This Law School Announced Plans To Cut Tenured Positions

A law school has announced that it will be cutting professors’ tenure due to budgetary concerns.

Inside Higher Ed reports that Vermont Law School, plans to change a select number of tenured professors to untenured posts to help deal with ongoing financial troubles.

“It is no secret that [Vermont], like many institutions of higher education (and particularly law schools), has been facing considerable financial pressures for most of this decade,” President Thomas McHenry announced in an email to students and faculty. “We are currently undergoing a process of programmatic restructuring: one that focuses our faculty and staff resources on our core educational goals and most essential and useful programs.” 

Maintaining A Strong Environmental Program

Most known for its environmental law program, Vermont Law School says maintaining its environmental program is a priority in budget considerations.

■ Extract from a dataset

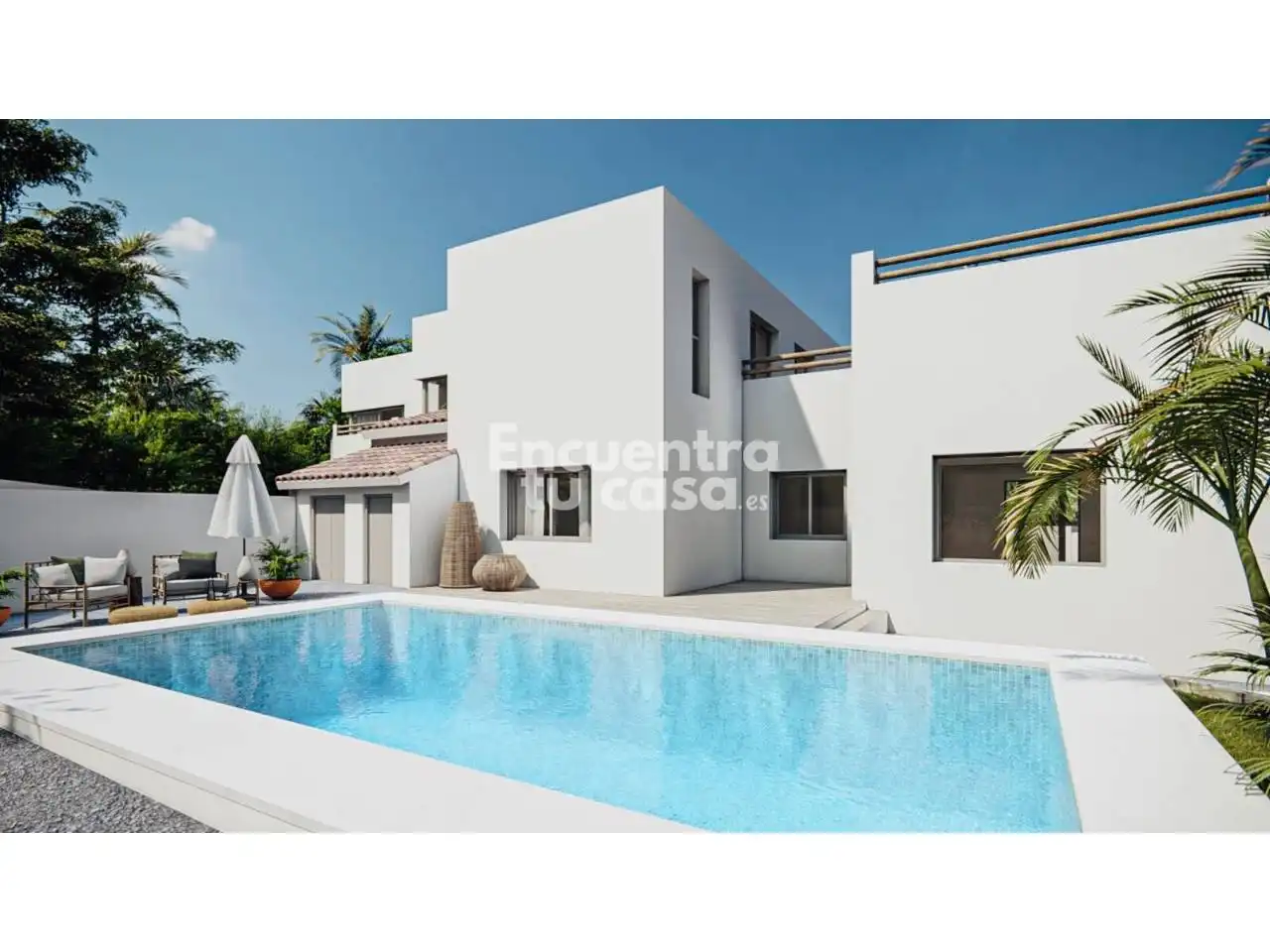 Vista exterior de Casa o xalet en venda en L'Alfàs del Pi amb Aire condicionat, Calefacció i Jardí privat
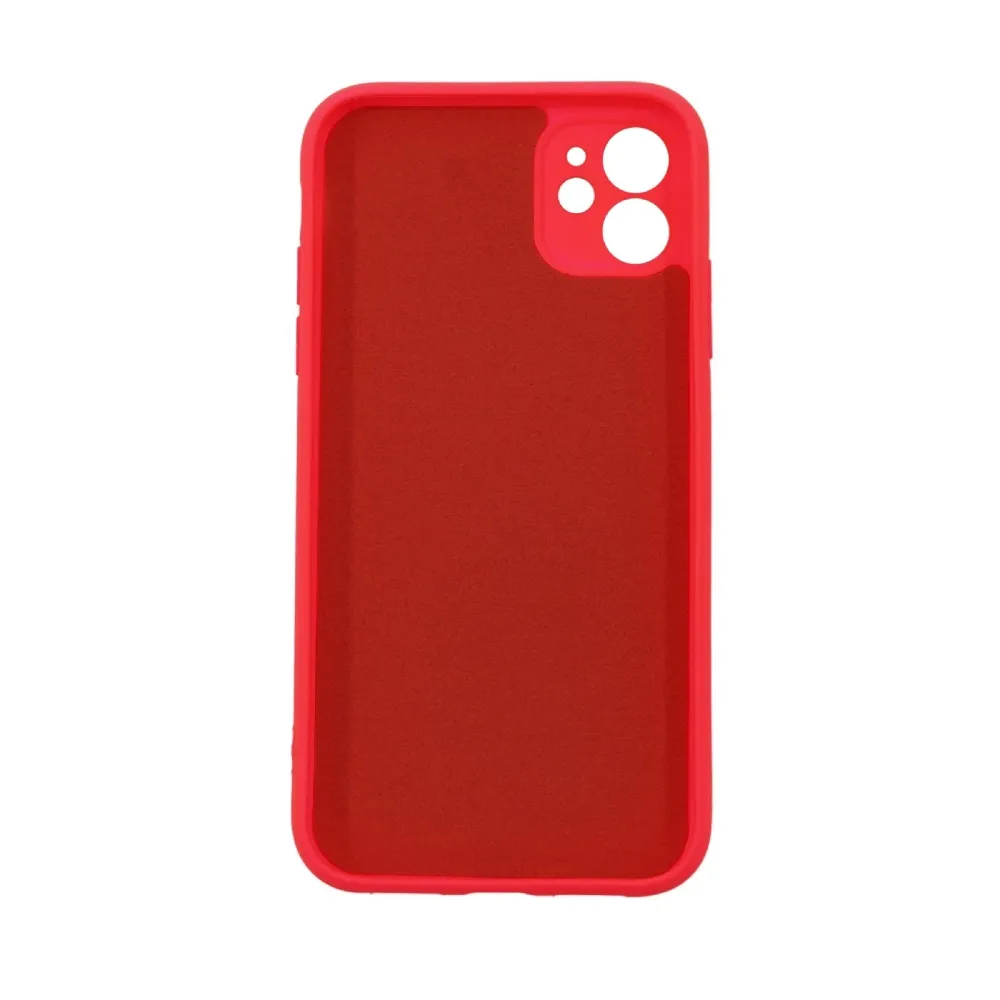 Vivimall védőtok Apple iPhone 12 Mini Liquid Silicone Case, fukszia színben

“As difficult as this process is, we feel confident in the end Vermont Law School will be a stronger, more vibrant institution that is sustainable in the long term and that continues to meet our mission of an exceptional legal education, producing leaders, and being a preeminent environmental law school,” Colleen Connor, VLS board of trustees chair, said in a statement.

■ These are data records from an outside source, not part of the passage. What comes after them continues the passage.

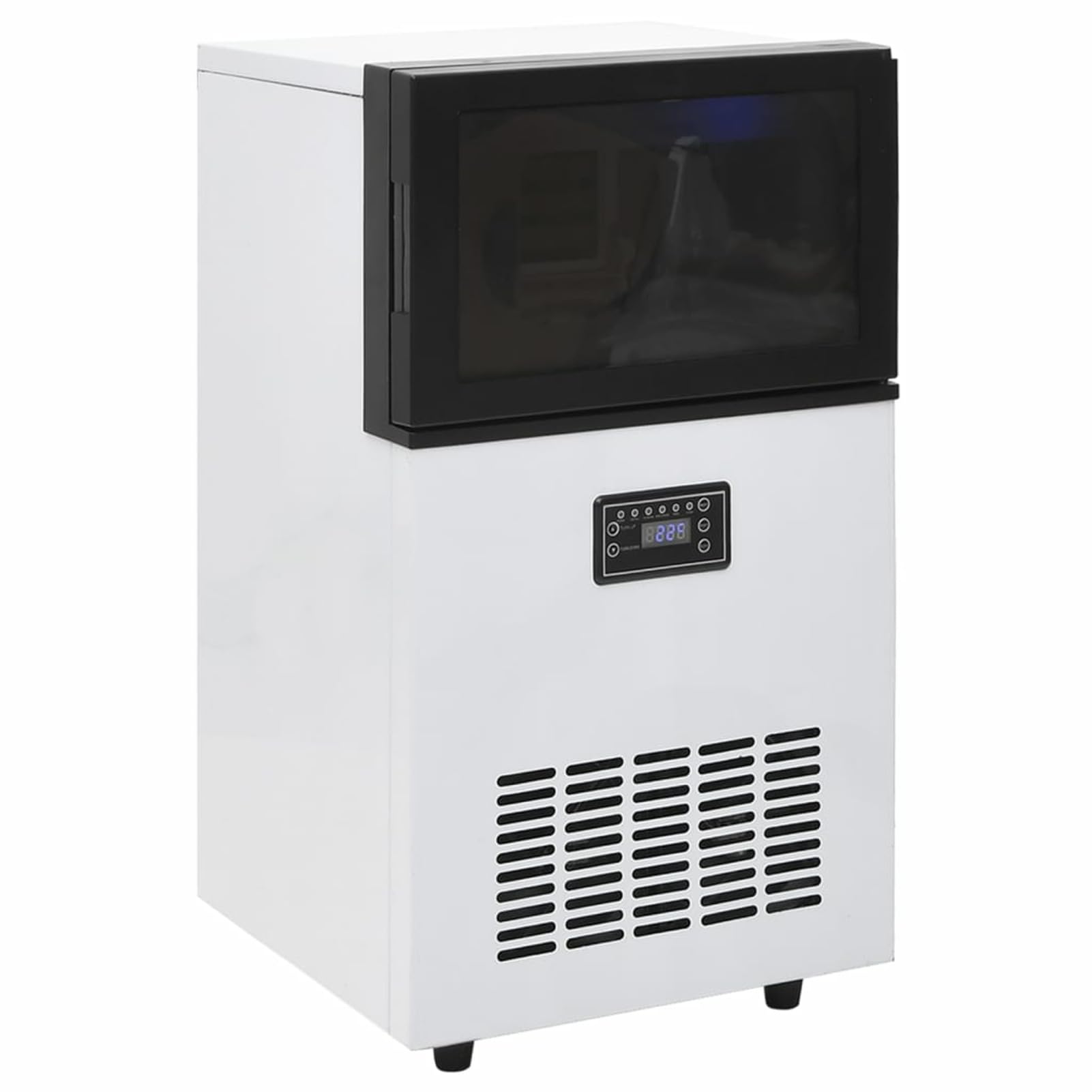 LAPOOH Macchina per Il Ghiaccio 420W 45 kg/24 h Nero Elettrodomestico Cubetti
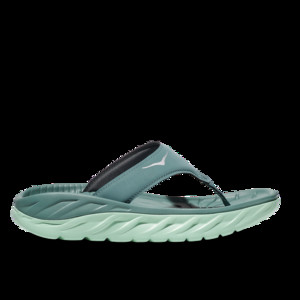 HOKA  Ora Recovery Flip Sandal in Trellis/Mist Green, Size 5.5 | 1117910-TMGR-07
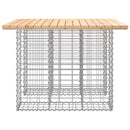 havebord gabiondesign 100x102x72 cm massivt træ fyrretræ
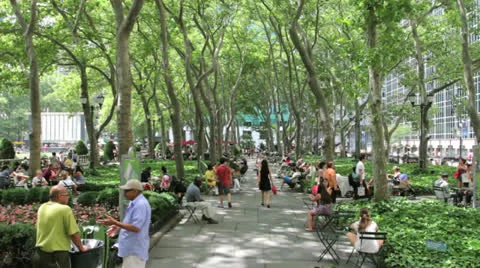 People Walking in the Park Stock Footage 25770281
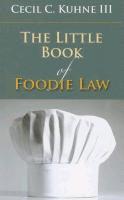 bokomslag The Little Book of Foodie Law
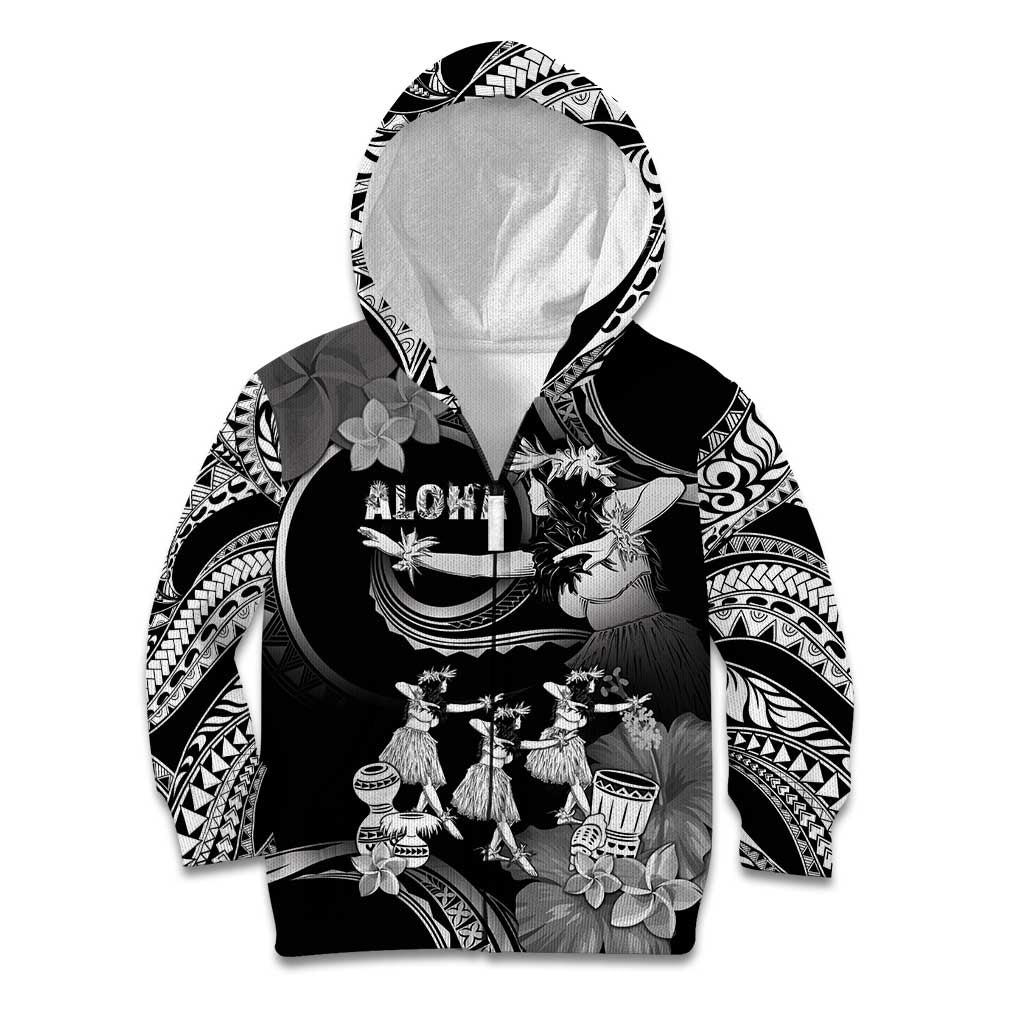Hawaii Beautiful Hula Dancers Kid Hoodie With Ipu Keke And Pahu Drum
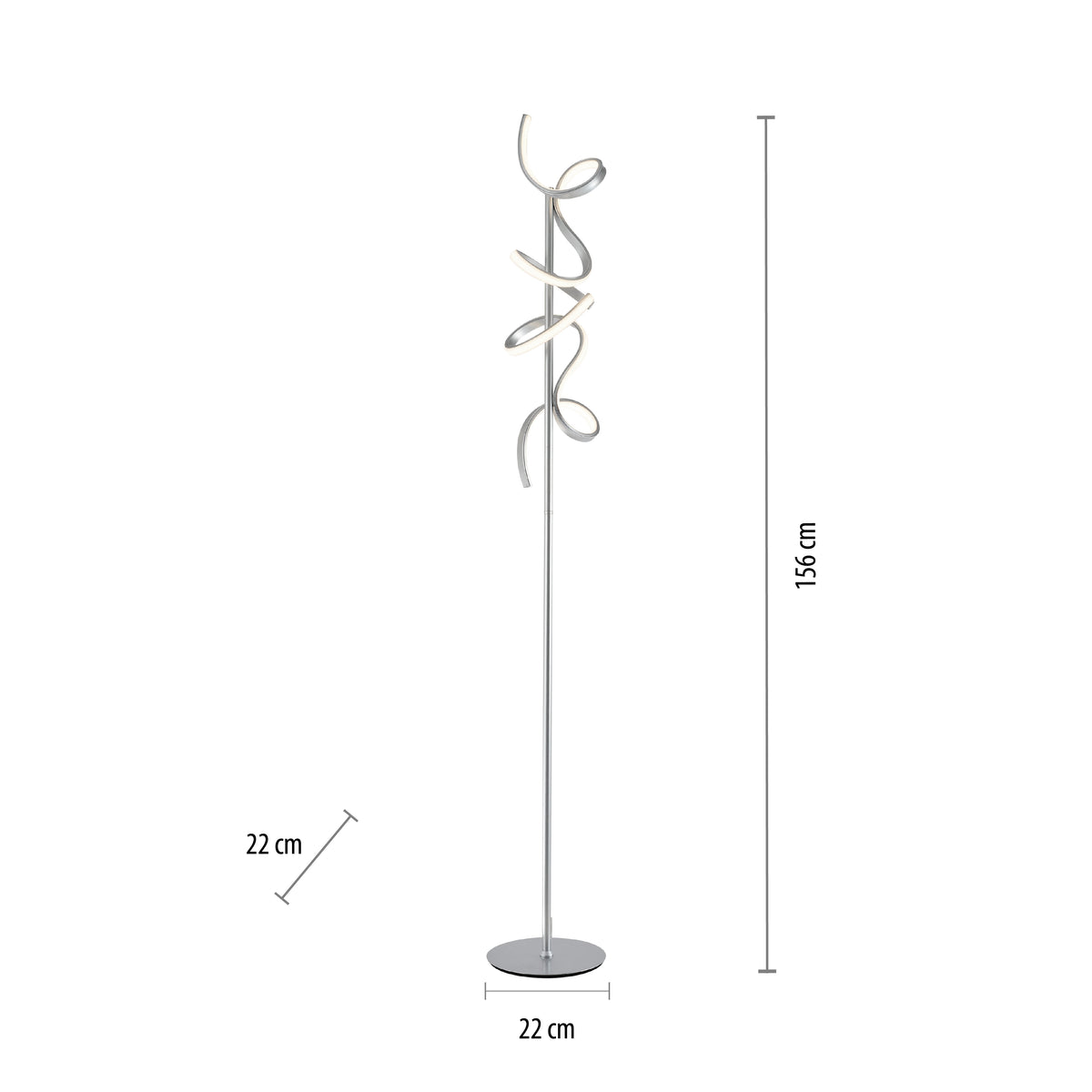 Lampadaire Curls argenté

Vermont Law has struggled in recent years with low enrollment and high debt, according to Inside Higher Ed. This fall, however, enrollment is expected to rise with 180 first-year students joining. Inside Higher Ed reports that the “law school has a waiting list for the first time in years.” 

Skepticism About Decision

A number of individuals have voiced their skepticism regarding Vermont Law’s announcement.

Greg Scholtz is the director of academic freedom and tenure at the American Association of University Professors (AAUP).

Scholtz told Inside Higher Ed that “tenure and its protection of academic freedom are essential for a higher education institution to be ‘stronger,’ ‘more vibrant,’ and capable of ‘pre-eminence’ and producing ‘exceptional education.’”

Anita Levy, senior program officer at AAUP, tells VTDigger that since the announcement, three Vermont Law professors have called her office and said their positions were being cut.

“We are monitoring the situation,” Levy told VTDigger. “From our point of view, the termination of tenure is a very serious matter.”